Monday marks the 100th anniversary of the birth of celebrated civil rights activist Rosa Parks.

Monday marks the 100th anniversary of the birth of celebrated civil rights activist Rosa Parks. Host Melissa Harris-Perry kicked off Black History Month with an illuminating conversation about this influential leader, revealing facts that prove her life was much more than one famous incident on a bus. Joining her for the discussion was Jeanne Theoharis, author of The Rebellious Life of Mrs. Rosa Parks.

Theoharis spoke passionately on the show about the biography. “This is not about one day or one act, it’s about a lifetime of courageous acts,” she said as she described some of the accounts noted in her book.

Although the prominence of Rosa Parks is concentrated on the Montgomery, Alabama bus incident of 1955, her character was also displayed through a combination of several other notable acts over her lifetime. Theoharis explained that for most of her political life, Parks worked diligently to challenge racial inequality in Detroit, Michigan.

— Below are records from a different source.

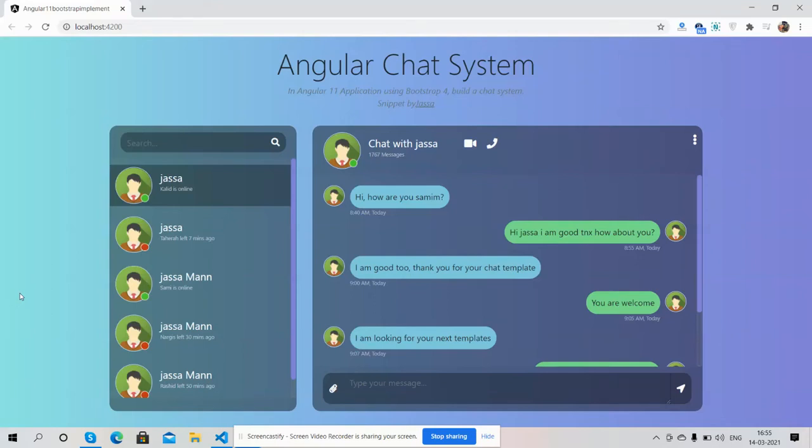Hello my good friends, how are you? Welcome back to my channel The Edge Post. Myself Ajay, hope you all are doing good. So friends, in this working video I'm going to show you an Angular chat system.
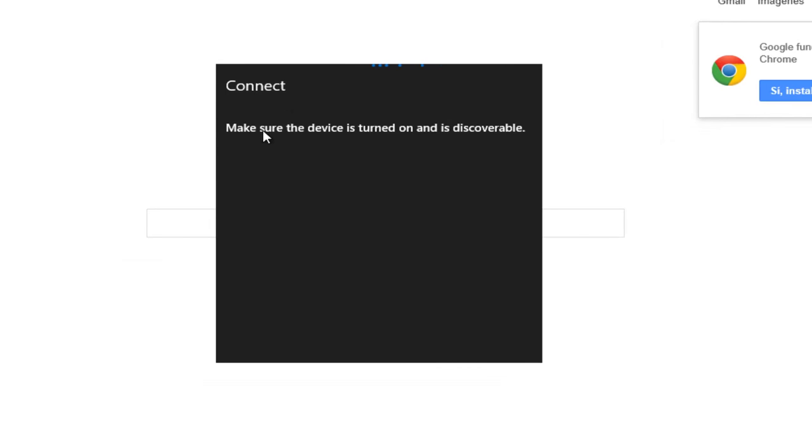At this point, make sure your device is turned on and discoverable. Once you ensure that's the case, it should be listed here. Just select whatever device you want to connect to and it should say connecting.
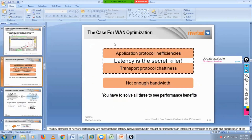For WAN optimization, latency is the secret killer. So if you do data reduction or bandwidth optimization, that is fine. But what about the latency? You cannot avoid the latency. So for the latency, we have got multiple other ways.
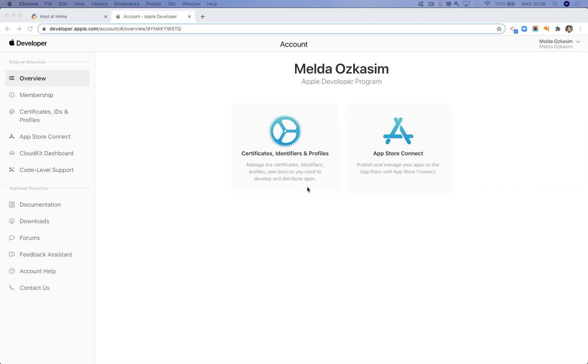So in today's video, we're going to look at how to set up push notifications for your iOS app. What you need to do first of all is go into your Apple developer account at developer.apple.com.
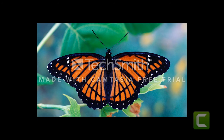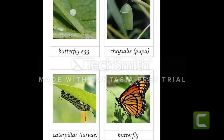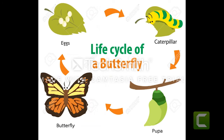In stage 4, finally the butterfly comes out of the pupa. This life cycle then continues again — the butterfly lays eggs, the larvae hatch from the eggs, the larva forms into a pupa, and the pupa changes into a butterfly. This is how the life cycle of a butterfly continues.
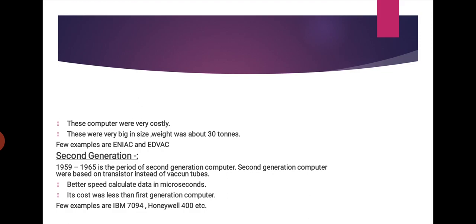These computers were very costly. These were very big in size. Weight was about 30 tons. For examples are ENIAC and EDVAC. Second Generation: 1959 to 1965 is the period of second generation computer. Second generation computers were based on transistor instead of vacuum tubes. Better speed, calculated data in microseconds. Its cost was less than first generation computer. For example are IBM 7094, Honeywell 400, etc.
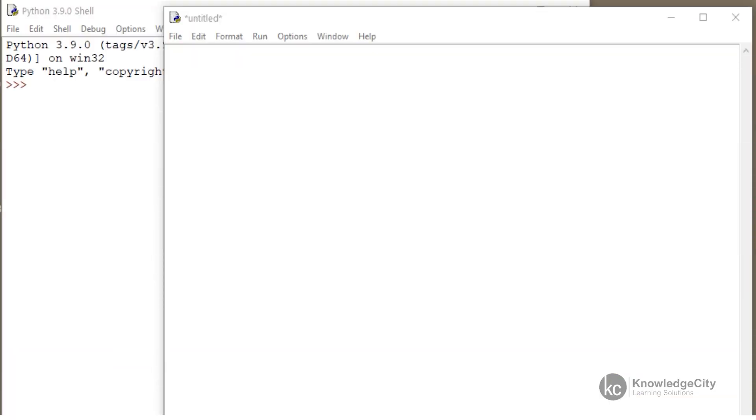In our last lesson, we introduced ourselves to the Graphics.py file from Wartburg College. I made the mistake of saying Wartburg University, but it is indeed Wartburg College.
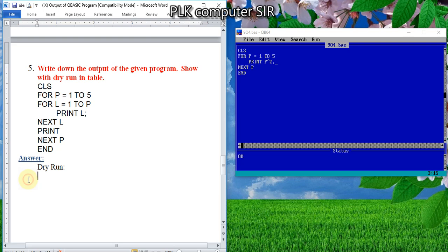Question number 5, my dear students. Here there are two loops — P and L. Before it was only P, now two loops are here. P is the outer loop going 1 to 5, and L is the inner loop. There is a print with no message, only a variable with semicolon, so one after another it will come.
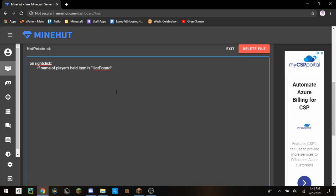Now I'm just going to make it to where wherever you click, a potato gets dropped. So drop potato at and then event dash location.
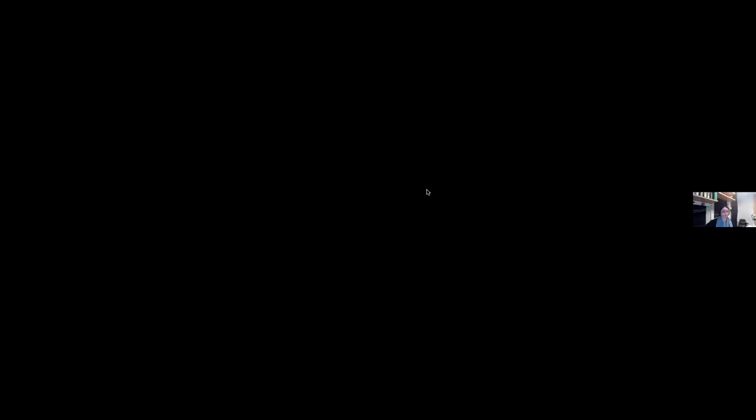My PowerPoint crashed — hang on for a moment. At least it happened between projects. All right, can you see it? Yes. Sorry for that.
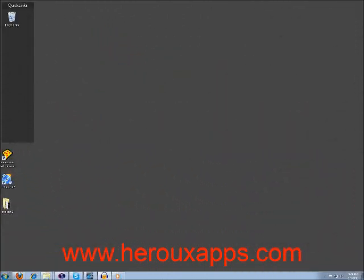Hi everyone, welcome to HeroApps podcast number four. This is the second segment of my podcast.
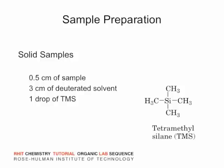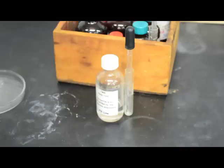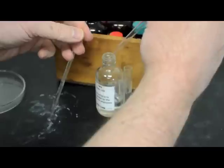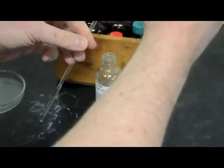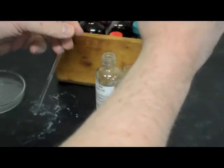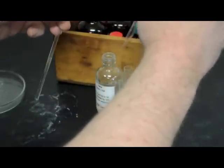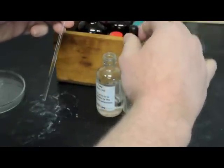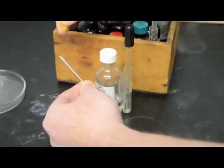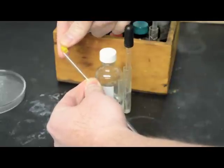The internal standard we will use is TMS, tetramethylsilane. Add a single drop of TMS, adding too much will distort your data. Place a cap on the tube and vortex again.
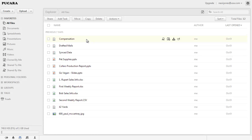Zoho Docs offers real-time editing of documents, presentations, and spreadsheets through its online editors. Two or more people can edit the same document at the same time and see the changes almost immediately.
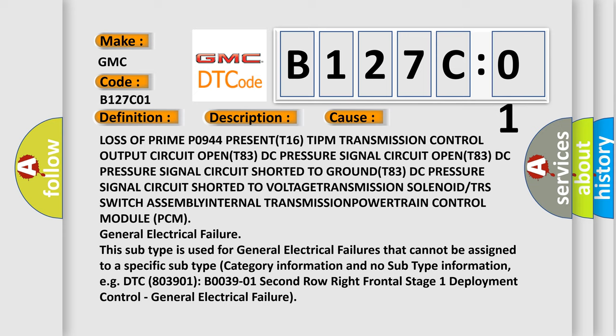ASSEMBLY INTERNAL TRANSMISSION, POWERTRAIN Control Module PCM. General Electrical Failure: This subtype is used for general electrical failures that cannot be assigned to a specific subtype category information. For example, DTC 803901 B003901 2nd row right frontal stage 1 deployment control, general electrical failure.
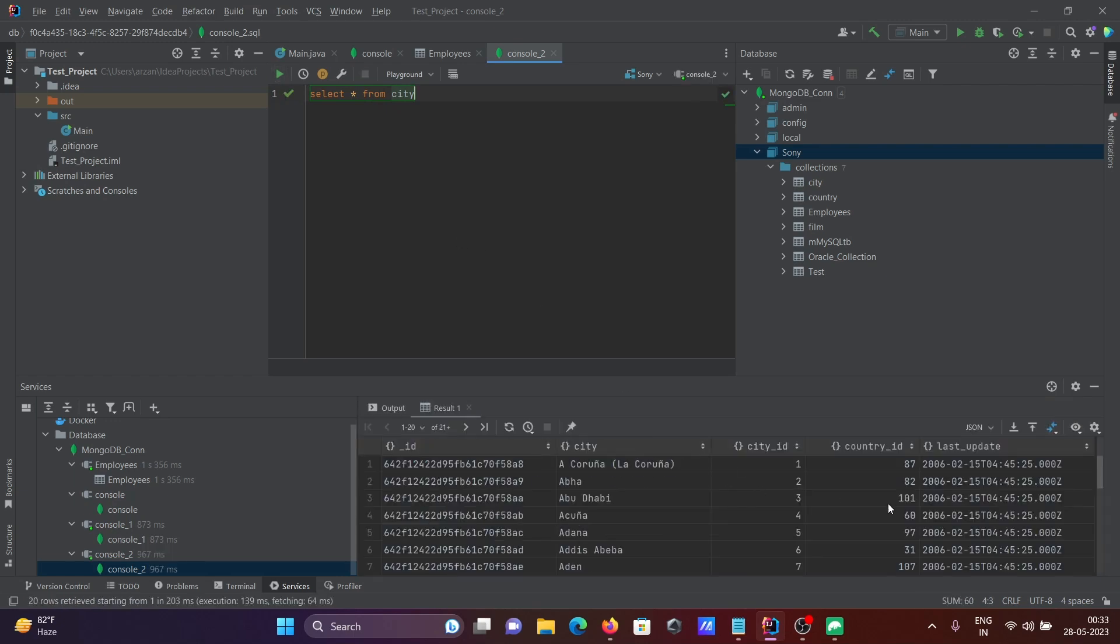This is how you can install and connect MongoDB with IntelliJ IDEA and write queries. I hope this video is helpful for you. Thanks for watching, see you next week. Thank you.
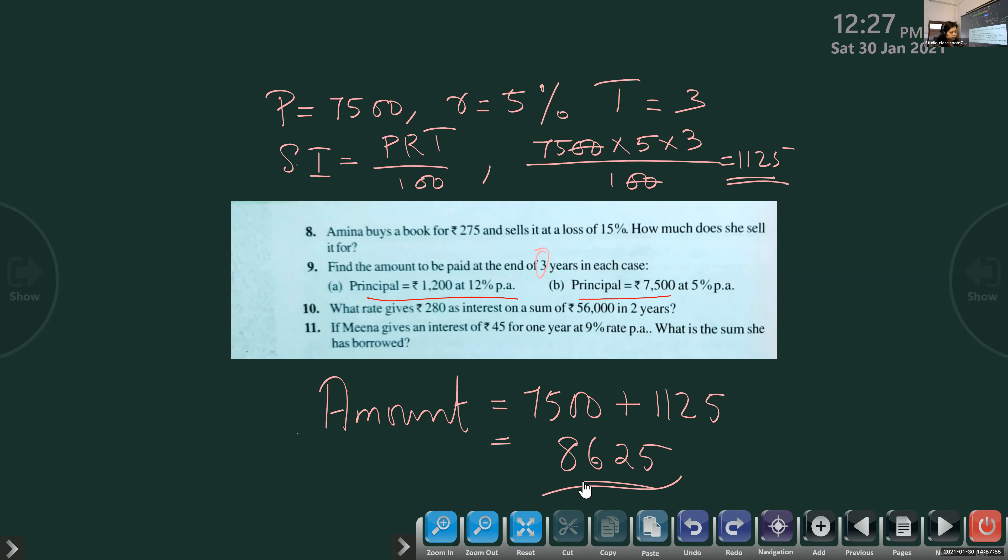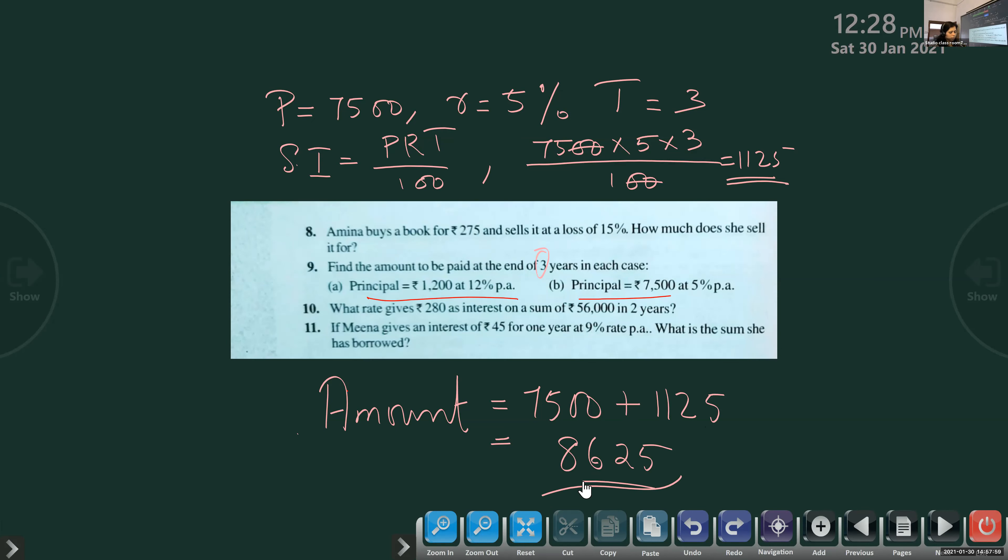Amount is equal to principal plus interest. So amount is 7,500 plus 1,125, which gives 8,625. Simple interest is the extra money which we pay for borrowing the money. If you take money from the bank and give back the same money after 3 years, they will not agree. You have to pay some interest. You can see the video of the previous class on YouTube.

In her new home, “the promise land that wasn’t,” Parks discovered that racial injustice and imminent danger was just as pervasive in Detroit as it was in the south. She joined forces with the NAACP in her new northern city to address social wrongs such as police brutality against African-Americans and legal lynching.

For over a decade, Parks worked with the NAACP and drew her inspiration from leaders like Malcolm X. But despite some of the extreme tactics of other activists of her time, Parks was revered  for her non-violent approach--just like Dr. Martin Luther King Jr.--to radical change. Harris-Perry was surprised to discover that although Parks was against physical force in her activism, she did carry a gun for self-defense.

Parks' stance on guns is only one of many details of her life that has been overshadowed by her stunt on the bus in Montgomery. Harris-Perry expressed her frustration that widely, the fascinating story of Rosa Parks has been “reduced to a children’s story” of the “tired seamstress who just didn’t get up.” Theoharis was extremely cognizant of this perception, as it was part of her motivation to write the book. She adamantly promotes through her text that Rosa Parks was much more than her actions one afternoon after work.